Summer School
STORIES OF IRELAND: UPON A TIME IN THE WEST - 30 JULY
Date: Wednesday, 30th July
Tutor: Maggie Knight BA Fine Art, MA History of Art, PhD History of Art. Founded the Adult Education section at the V&A Museum. She ran her own classes in art and cultural history in London and is now teaching for The Arts Society and leading tours to Europe and America.
Description: The land known to the Greek geographer Ptolemy as Iouernia was the home to one of the most advanced cultures in the west.The farming communities developed early in the 4th millennium BC had evolved specialist technologies in the following centuries making the island an important part of the Atlantic maritime trade linking western Europe to the Mediterranean.

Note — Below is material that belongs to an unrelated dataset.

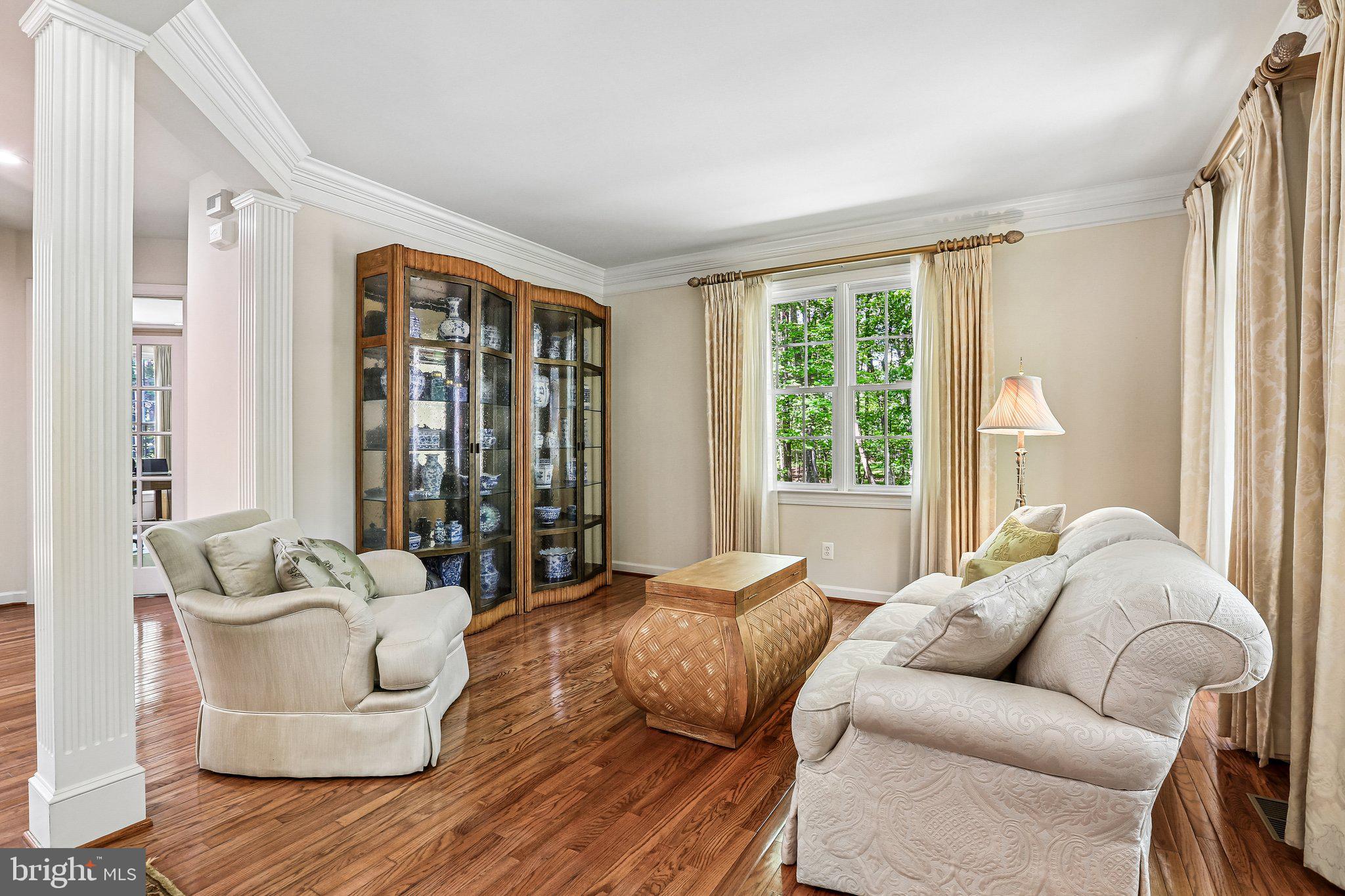 WESTWOODS OF CHERRY GROVE - Residential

It was along the trade routes that the first Celts came into Ireland and subsequent waves of migration saw the domination of their social organisation, arts, religions and language. Rome traded but never invaded, so the unique culture developed independent of any Imperial influence.
The first informal ‘universities’ in the west were founded there and when Christianity arrived in the 5th century, it evolved as a blend of scholarship and faith, and its art was Celtic.
It was the monasteries of the Celtic Church which were responsible for the preservation of European art and learning in the chaos following the fall of the Roman Empire in the west.